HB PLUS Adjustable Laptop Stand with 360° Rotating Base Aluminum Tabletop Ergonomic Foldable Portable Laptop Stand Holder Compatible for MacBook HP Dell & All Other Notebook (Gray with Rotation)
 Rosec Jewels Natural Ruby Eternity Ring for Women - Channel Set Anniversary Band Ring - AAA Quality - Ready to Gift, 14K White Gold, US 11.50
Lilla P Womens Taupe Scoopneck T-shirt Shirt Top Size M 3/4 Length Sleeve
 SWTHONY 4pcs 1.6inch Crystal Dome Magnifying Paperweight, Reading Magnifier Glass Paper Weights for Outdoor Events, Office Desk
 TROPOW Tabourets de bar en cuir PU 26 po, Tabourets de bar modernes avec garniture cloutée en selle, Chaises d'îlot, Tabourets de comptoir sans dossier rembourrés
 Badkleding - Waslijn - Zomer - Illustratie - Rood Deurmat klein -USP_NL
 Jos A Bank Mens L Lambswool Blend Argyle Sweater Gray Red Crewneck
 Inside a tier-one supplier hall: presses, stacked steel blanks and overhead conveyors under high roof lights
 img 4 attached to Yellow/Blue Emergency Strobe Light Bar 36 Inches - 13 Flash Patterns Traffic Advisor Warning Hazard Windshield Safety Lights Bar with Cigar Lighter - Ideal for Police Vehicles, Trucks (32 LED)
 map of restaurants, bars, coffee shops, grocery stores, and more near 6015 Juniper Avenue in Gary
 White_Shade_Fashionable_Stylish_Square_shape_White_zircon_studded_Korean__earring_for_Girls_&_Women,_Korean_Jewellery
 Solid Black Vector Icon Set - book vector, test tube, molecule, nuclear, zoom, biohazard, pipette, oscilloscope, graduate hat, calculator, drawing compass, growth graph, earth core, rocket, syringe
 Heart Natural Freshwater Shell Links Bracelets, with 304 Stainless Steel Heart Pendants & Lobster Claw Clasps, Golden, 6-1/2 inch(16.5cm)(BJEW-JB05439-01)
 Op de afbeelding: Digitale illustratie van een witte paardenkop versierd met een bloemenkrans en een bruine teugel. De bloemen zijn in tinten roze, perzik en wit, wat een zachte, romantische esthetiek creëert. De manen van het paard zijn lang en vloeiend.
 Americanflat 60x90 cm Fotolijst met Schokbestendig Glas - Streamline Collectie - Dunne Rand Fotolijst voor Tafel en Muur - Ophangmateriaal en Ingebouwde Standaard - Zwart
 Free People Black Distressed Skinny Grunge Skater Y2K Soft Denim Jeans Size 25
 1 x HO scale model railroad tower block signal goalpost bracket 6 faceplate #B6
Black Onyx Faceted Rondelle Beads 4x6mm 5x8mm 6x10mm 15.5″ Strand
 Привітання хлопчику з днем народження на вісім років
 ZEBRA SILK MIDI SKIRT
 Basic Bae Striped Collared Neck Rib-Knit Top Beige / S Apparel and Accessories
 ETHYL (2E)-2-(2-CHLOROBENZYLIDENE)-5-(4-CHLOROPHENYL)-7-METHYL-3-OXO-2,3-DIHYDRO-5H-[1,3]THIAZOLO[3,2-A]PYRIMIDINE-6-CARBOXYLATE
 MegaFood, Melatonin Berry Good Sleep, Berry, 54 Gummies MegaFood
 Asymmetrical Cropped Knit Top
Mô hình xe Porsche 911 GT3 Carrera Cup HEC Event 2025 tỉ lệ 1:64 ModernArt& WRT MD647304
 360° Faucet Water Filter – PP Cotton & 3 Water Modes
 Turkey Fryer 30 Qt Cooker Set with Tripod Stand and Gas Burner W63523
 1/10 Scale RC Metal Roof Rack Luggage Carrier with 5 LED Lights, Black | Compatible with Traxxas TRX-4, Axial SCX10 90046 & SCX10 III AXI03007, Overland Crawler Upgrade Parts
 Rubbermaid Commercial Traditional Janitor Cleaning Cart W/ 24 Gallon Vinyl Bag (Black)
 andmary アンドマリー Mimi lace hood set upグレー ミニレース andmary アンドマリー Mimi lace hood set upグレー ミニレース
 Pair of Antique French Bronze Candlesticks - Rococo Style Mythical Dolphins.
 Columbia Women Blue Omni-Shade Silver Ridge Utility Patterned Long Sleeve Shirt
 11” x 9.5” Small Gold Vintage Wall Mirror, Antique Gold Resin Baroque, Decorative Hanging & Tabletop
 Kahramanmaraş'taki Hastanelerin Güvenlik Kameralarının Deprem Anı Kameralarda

_____

Task instructions
Write down exactly every line of the material above up to and including the line containing "Lilla P Womens".

Answer for this exercise
HB PLUS Adjustable Laptop Stand with 360° Rotating Base Aluminum Tabletop Ergonomic Foldable Portable Laptop Stand Holder Compatible for MacBook HP Dell & All Other Notebook (Gray with Rotation)
 Rosec Jewels Natural Ruby Eternity Ring for Women - Channel Set Anniversary Band Ring - AAA Quality - Ready to Gift, 14K White Gold, US 11.50
Lilla P Womens Taupe Scoopneck T-shirt Shirt Top Size M 3/4 Length Sleeve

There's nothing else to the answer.